離陸した機体は、陸揚げ後は那覇軍港に駐機し続けていた。20日午前にエンジン吸気口のカバーを外すなど飛行準備作業を始め、午後に飛んだ。
県は19日に「那覇軍港での航空機運用は県民に不安を与える」として、陸揚げされたオスプレイを飛行させないことを米軍に働きかけるよう沖縄防衛局に要請していた。
玉城デニー知事は20日、航空機の離着陸中止を繰り返し要請する中で、再び事前連絡がないままオスプレイが軍港から離陸したとして「県民の思いをないがしろにするもので、甚だ遺憾だ」とコメントした。

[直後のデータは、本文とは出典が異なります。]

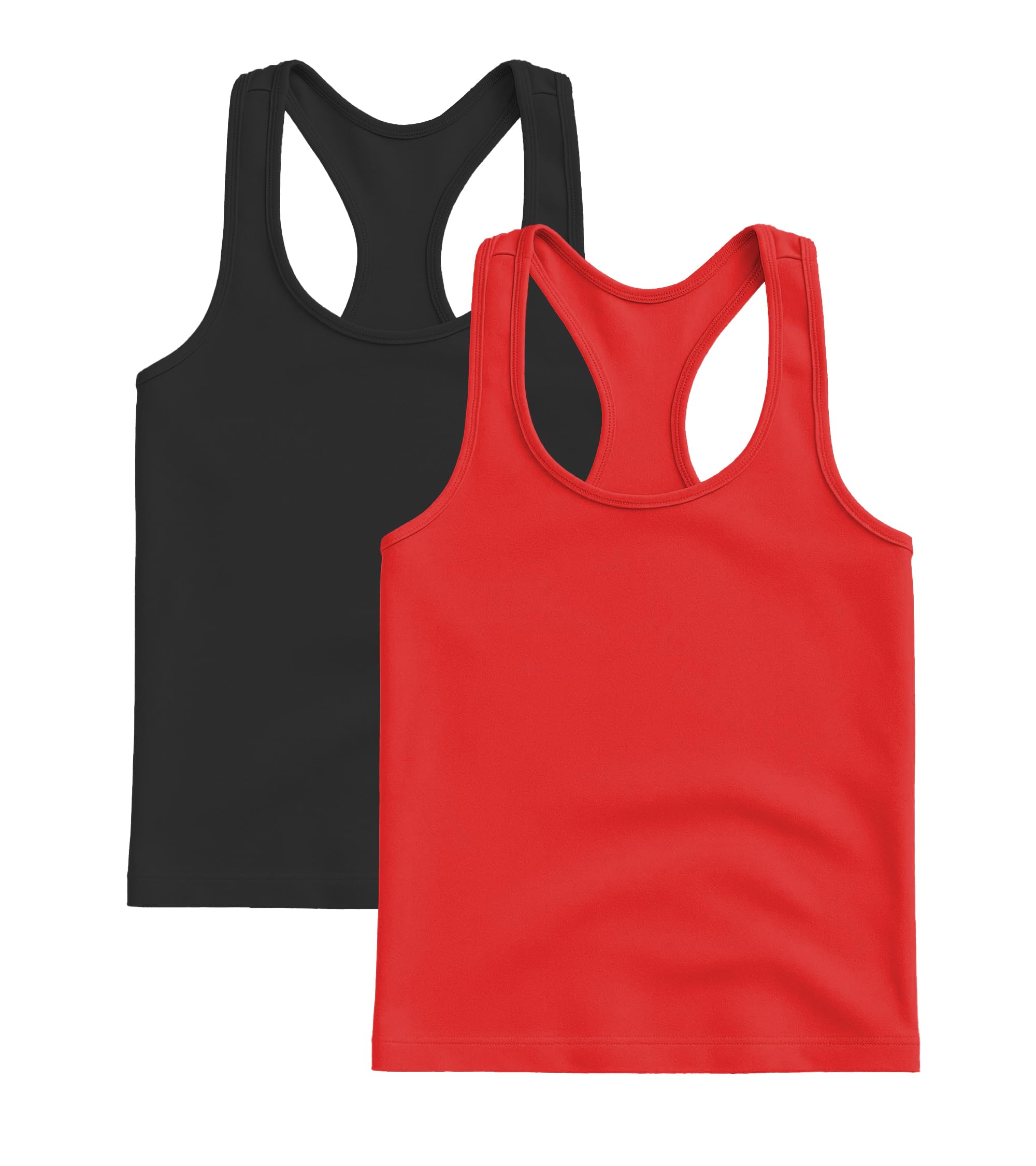 Photo 1 of *MISSING PARTS*
Kurve Premium Girls Seamless Supersoft Wide Strap Comfortable Racerback Tank (Made with Love in The USA), Black/Red Set, Age 7-12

一方、那覇市の知念覚市長は軍港での航空機の離着陸について①市への事前通報②事前通報の市民への公表③安全確保―を求めていた。17日に事前通知があり、オスプレイが海側へ離陸したことを踏まえ「市民への公表については米軍が『控えてほしい』ということだったが、あとの二つは確認できた。一定の前進はあった」と評価した。